Lean on Pete is the story of a boy and his horse, but it is never heart-warming – it ranges in tone from desperate to merely painful – and, while fascinating, it is never entertaining or redemptive. But if you want an unadorned portrait of American life (at least in some places) at the beginning of the 21st century, this is the book for you ... Vlautin's eye for detail is sharp: every character is distinctly drawn and memorable. Each of Charley's encounters has the authentic feel of two lives intersecting and then diverging; they leap off the page as individuals with motives and backstories ... Given the ambition of Lean on Pete and Willy Vlautin's skill at limning character, it's something of a puzzle that the novel isn't more affecting. One problem is that Charley has, and maybe can have, no actual relationships.
Vlautin transforms what might have been a weepy, unbelievable TV-movie of a novel into a tough-and-tender account of a boy, a big-hearted horse, and a mostly unforgiving world. What Daniel Woodrell does for the hardscrabble Ozarks, Vlautin does for the underside of the New West. Unforgettable.
...the writing is spare and straightforward, with few descriptions and hardly any room for introspection. There is intensity in Vlautin’s narration, and also beauty and power ... Parts of the road trip strain credulity. Charley has frequent brushes with the law, but each time manages to escape and arrive safely in the next town ... Despite these flaws, we find ourselves sympathetic toward Charley and quietly root for him to succeed. Many of the supporting players, such as Del, also make a vivid impression. But Vlautin’s major accomplishment lies in posing a damning question: How could we, as a society, have allowed this to happen?

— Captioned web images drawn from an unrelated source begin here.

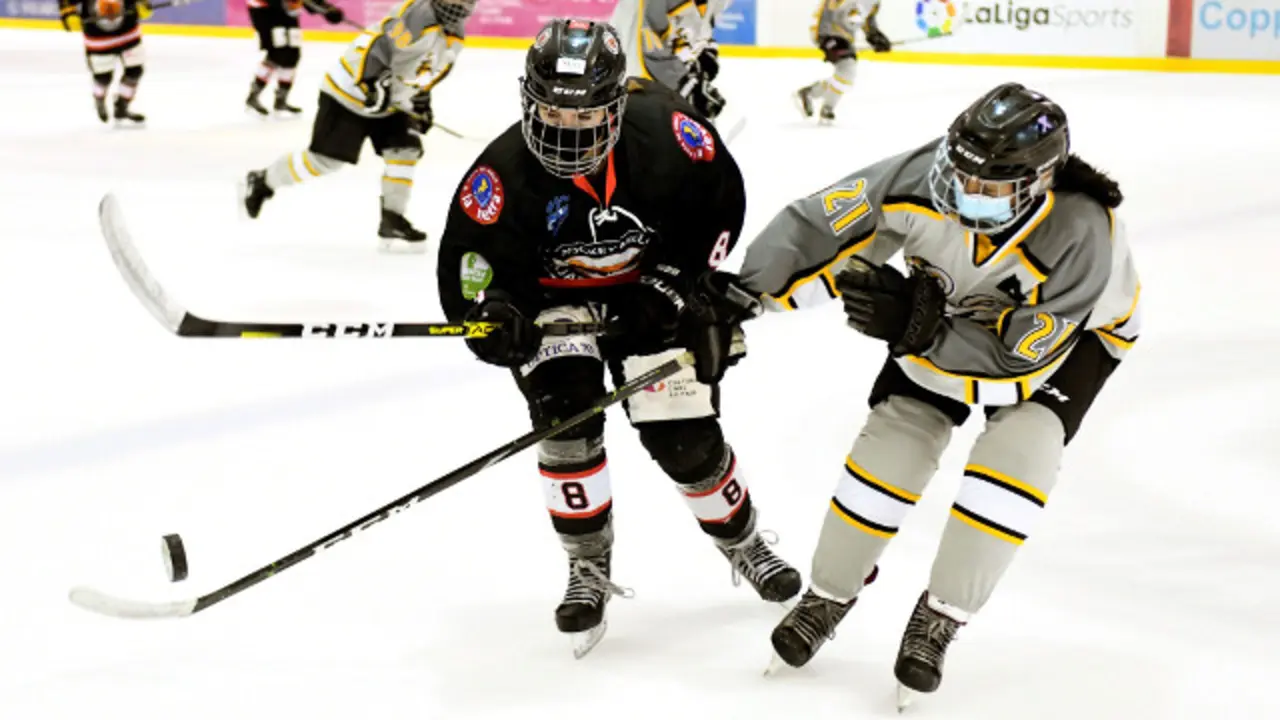 Jugadoreas de hockey con mascarillas en un partido en Madrid. VÍCTOR LERENA
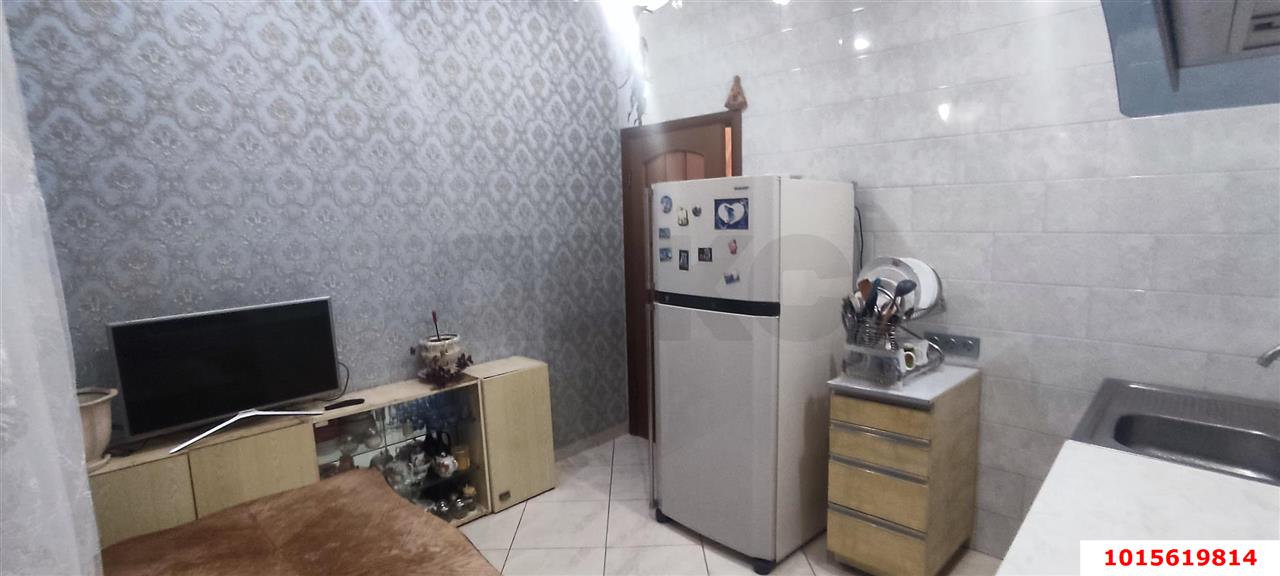 Фото №2: 3-комнатная квартира 81&nbsp;м², 5/5&nbsp;эт. - Краснодар, Центральный внутригородской округ, мкр. Центральный, ул. Комсомольская, 50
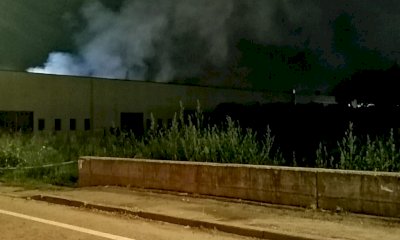 C'è un morto nell'incendio del magazzino a Monticello d'Alba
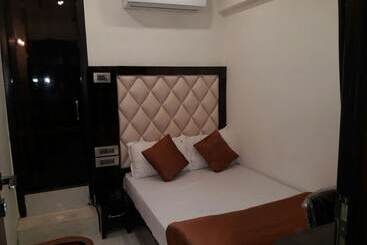 Hotel Karishma Dadar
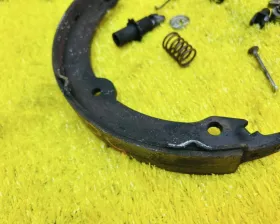 Механизм стояночного тормоза Toyota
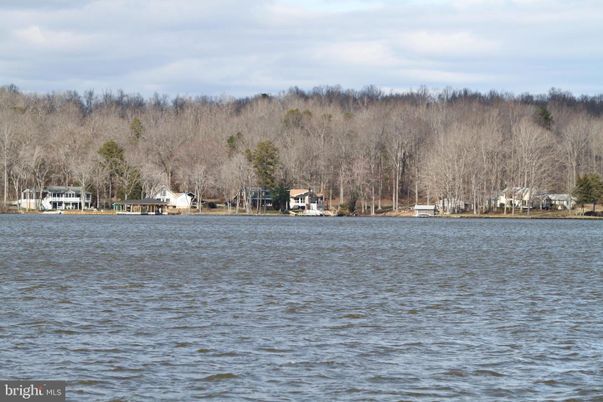 Exterior, Lake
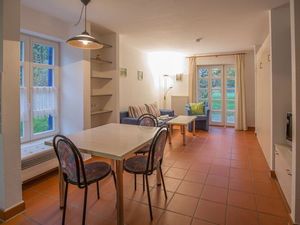 24026605-Ferienwohnung-2-Dranske-300x225-1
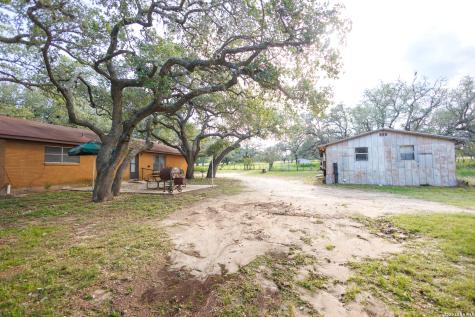 1698 W Fm 2200 Devine TX 78016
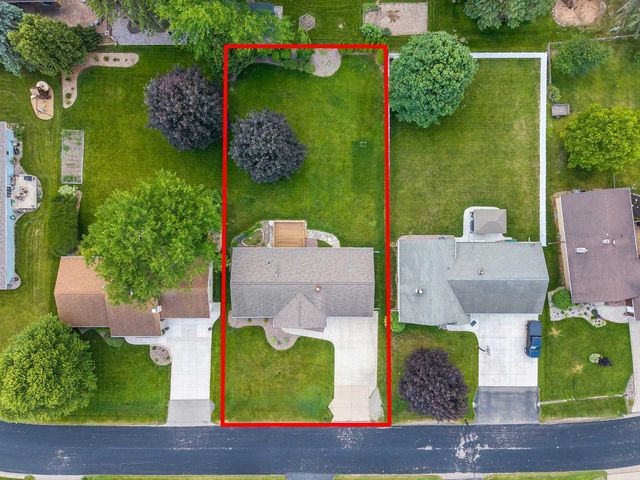 2615 W SUNNYVIEW CIRCLE, Appleton, WI 54914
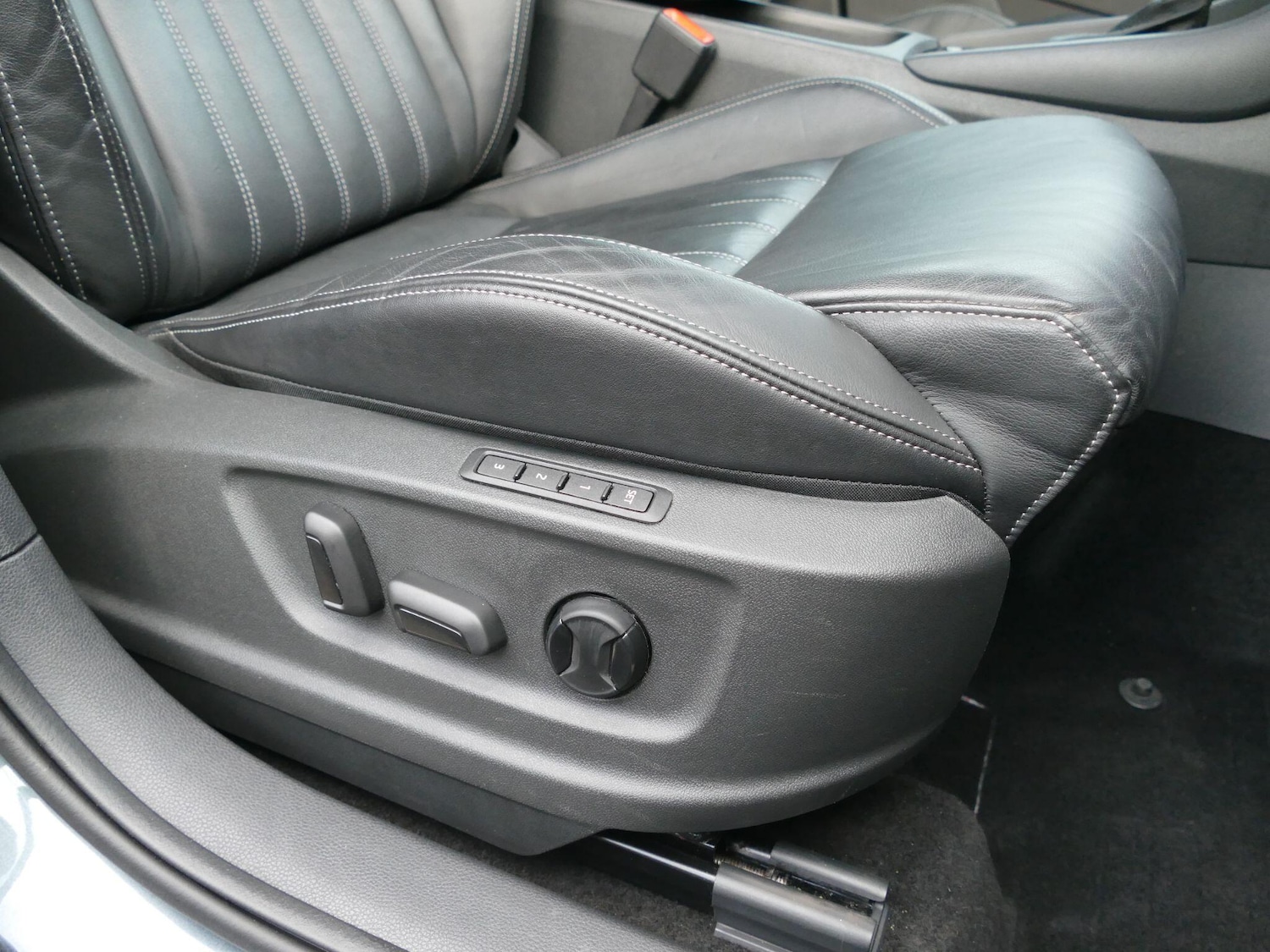 Used Skoda Karoq 2021 for sale - 77040247: Photo 11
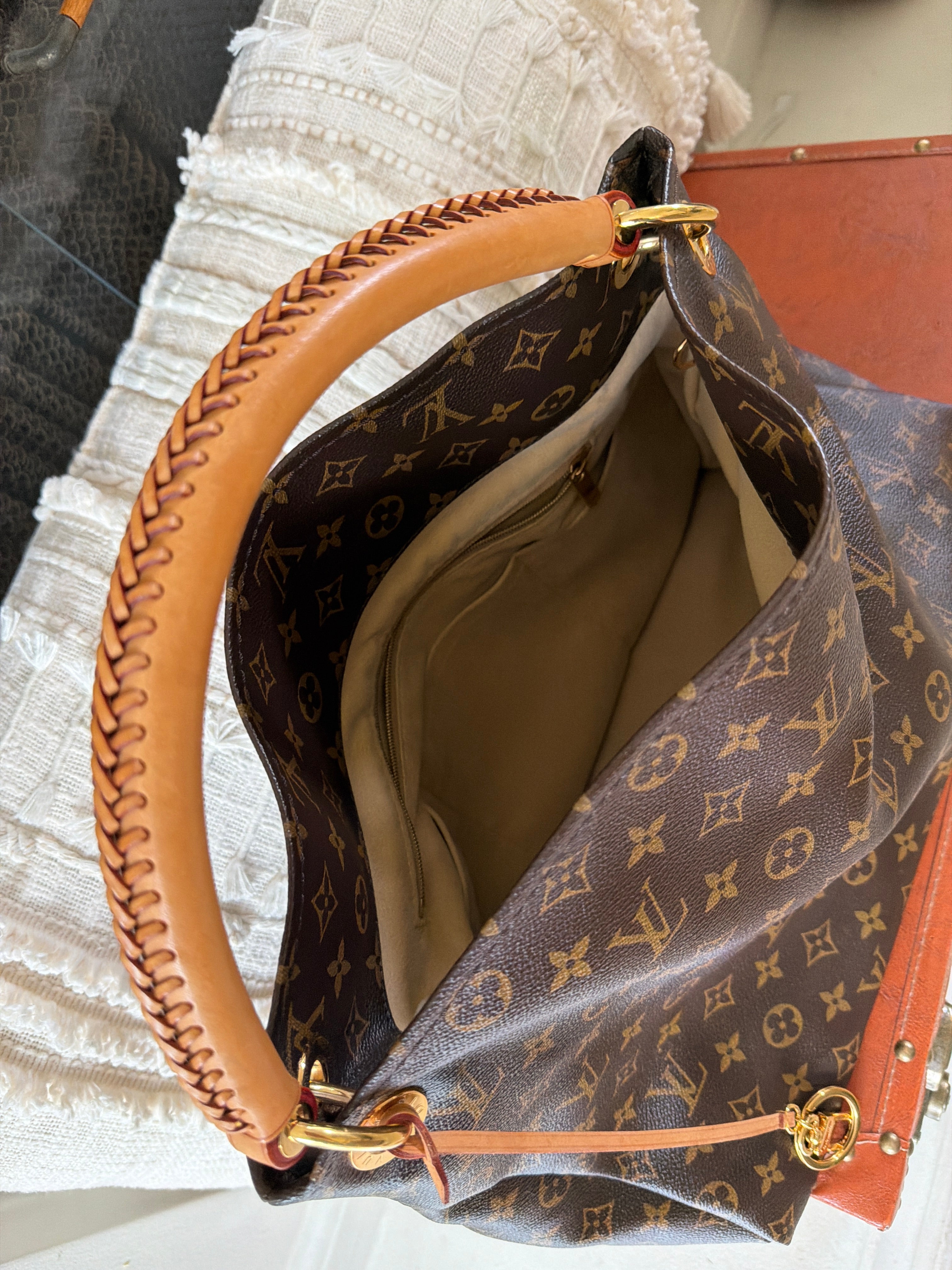 Louis Vuitton Artsy MM Monogram Canvas Hobo Bag | Leather Handle | Boho Luxury Classic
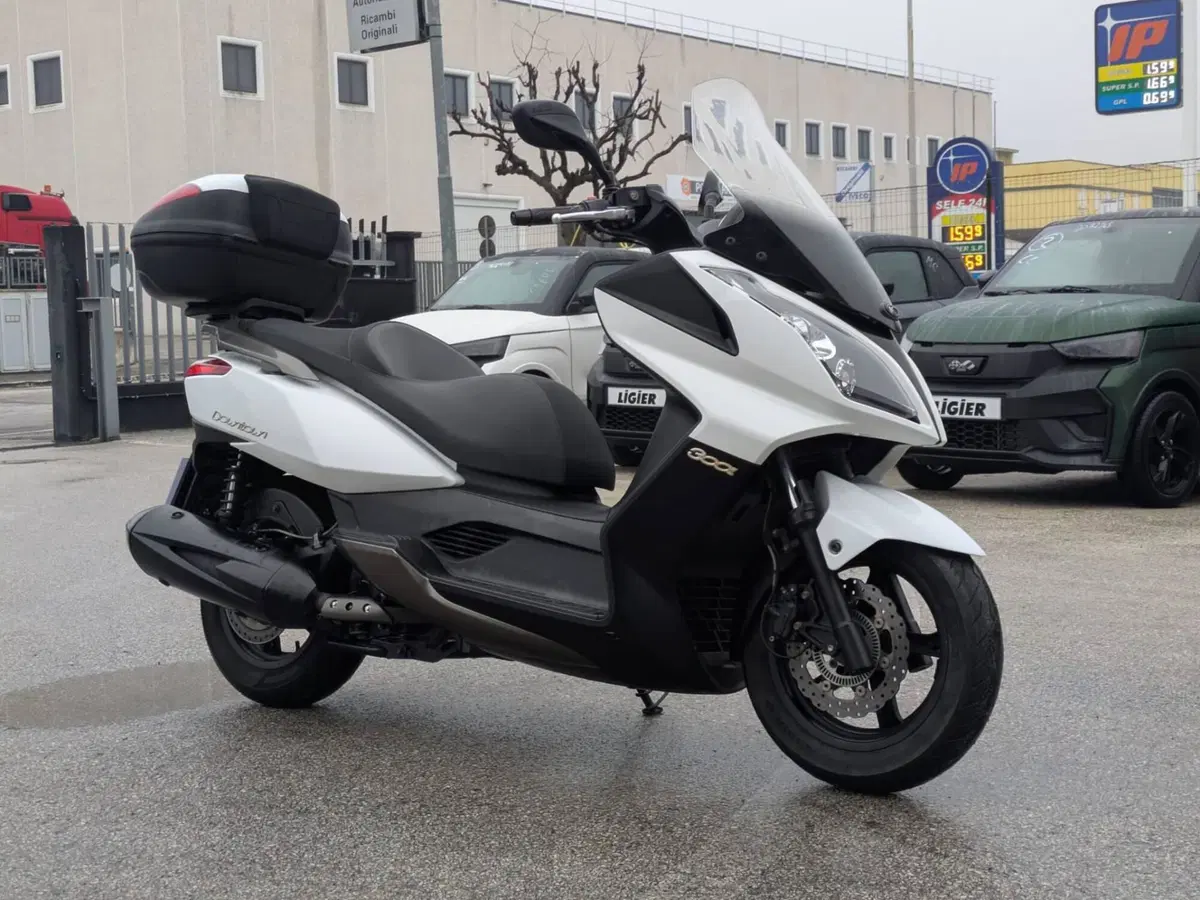 Kymco Downtown 300i (2009 - 17) (2)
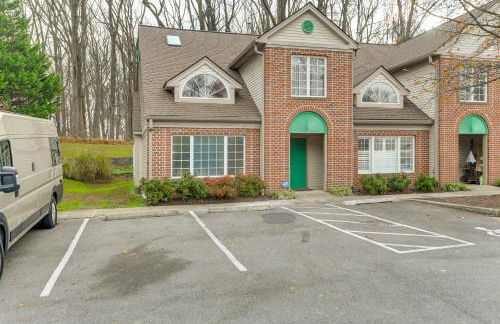 Elevator In-Unit 3-Story Condo Only 14 Mi to DC! - Foto 43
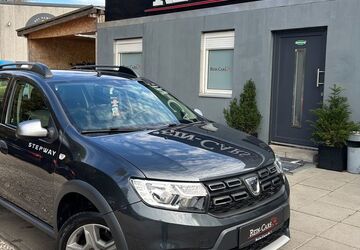 Dacia Sandero 117.000 km 4.490 &euro; Berlin 13088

Reading a Willy Vlautin novel feels a lot like sitting in the bar talking with Willy Vlautin. And it feels a lot like listening to the songs he writes with his band, Richmond Fontaine. The author's previous two novels, The Motel Life and Northline, shared stories with a couple of Richmond Fontaine songs. So does his newest, Lean on Pete, but in this one Vlautin makes room for even more bad luck to plague his main character. In his books, though, bad luck always comes with good stories ... one of the great things about his writing is that you believe in the good guys just as much as the bad. You believe every bad thing that happens to Charley, but you also believe the whole time that things are going to turn out all right.
Charley’s trek across the West, occasionally on horseback, is dominated by an unbelievable stretch of luck: men appear to dispense food and money, miraculously uninhabited trailers contain washers and dryers, and his hitchhiking is eerie, but not dangerous. Still, Vlautin’s characters, despite their unrealistic arcs, shine with his sparse style. It might be difficult to believe Charley’s bottomless cache of silver linings, but it’s remarkably easy to root for the kid.